Wisdom From The Silly Little Bear On National Winnie The Pooh Day

Halloween 2012. Eeyore’s wearing a birthday hat!

Today is National Winnie the Pooh Day, in honor of A.A. Milne’s birthday. Pooh and his 100 Acre Woods friends have a most special place in my heart and memories. My relationship with Ben blossomed around Piglet and Pooh and it is one of the ways Ben won my heart. When Ben and I first started dating, we often walked to the flagship Disney Store on Fifth Avenue in Manhattan. It is no longer at that location. We wandered the three  floors and I often left with little gifts- the courting phase of a relationship is fun, indeed!

Having spent increasing amounts of time with me, Ben was becoming fully immersed in the Disney mindset, and loving it, sometimes to his own amazement.  One day, as we strolled through the store, Ben called me over to look at a figurine, exclaiming, “Abby, look! It’s Piglet and his best friend, Pooh!” I stared at him, speechless, and then started to laugh. He shook his head, laughed, and said, “I was macho before I met you!” Truth be told, he was not so macho. He was a big teddy bear, and his great hugs could calm me down and completely surround me with love. He was a big kid at heart who indulged my inner child, and that was us.  He bought me that figurine as a surprise, and it will always be so special to me.

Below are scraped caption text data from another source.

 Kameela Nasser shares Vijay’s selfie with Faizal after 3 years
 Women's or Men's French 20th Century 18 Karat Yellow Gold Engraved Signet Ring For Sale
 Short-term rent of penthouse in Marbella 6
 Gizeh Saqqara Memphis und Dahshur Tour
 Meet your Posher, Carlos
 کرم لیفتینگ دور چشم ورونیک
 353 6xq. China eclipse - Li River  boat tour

Disney Store,Winnie the Pooh,Piglet
Piglet and his Best Friend Pooh! A very special figurine with very sweet memories.

Today seemed a good day to revisit some favorite quotes from the silly little bear and his friends. They resonated during my caregiving days, through the darkest days of grief, and they continue to be meaningful and touching.

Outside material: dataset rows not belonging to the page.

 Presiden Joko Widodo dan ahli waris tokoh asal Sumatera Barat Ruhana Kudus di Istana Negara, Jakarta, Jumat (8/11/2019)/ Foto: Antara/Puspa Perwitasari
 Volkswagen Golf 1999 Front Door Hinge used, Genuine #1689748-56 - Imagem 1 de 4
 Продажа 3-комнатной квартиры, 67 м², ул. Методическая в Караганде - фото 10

In the Disney Pooh’s Grand Adventure: The Search for Christopher Robin, Christopher Robin tells Winnie the Pooh, “If ever there’s a tomorrow when we’re not together, there’s something you must remember…You are braver than you believe and stronger than you seem and smarter than you think…. But the most important thing is, even if we’re apart, I’ll always be with you. 

I am still so deeply connected to my mom and dad, Ben, grandma, aunt Eleanor and many others who have left. They are all a part of who I am and are unquestionably always with me. The truth is that it is not always enough- sometimes not even close to being enough- but it is a lot.

“I don’t feel very much like Pooh today,” said Pooh.

“There there,” said Piglet. “I’ll bring you tea and honey until you do.”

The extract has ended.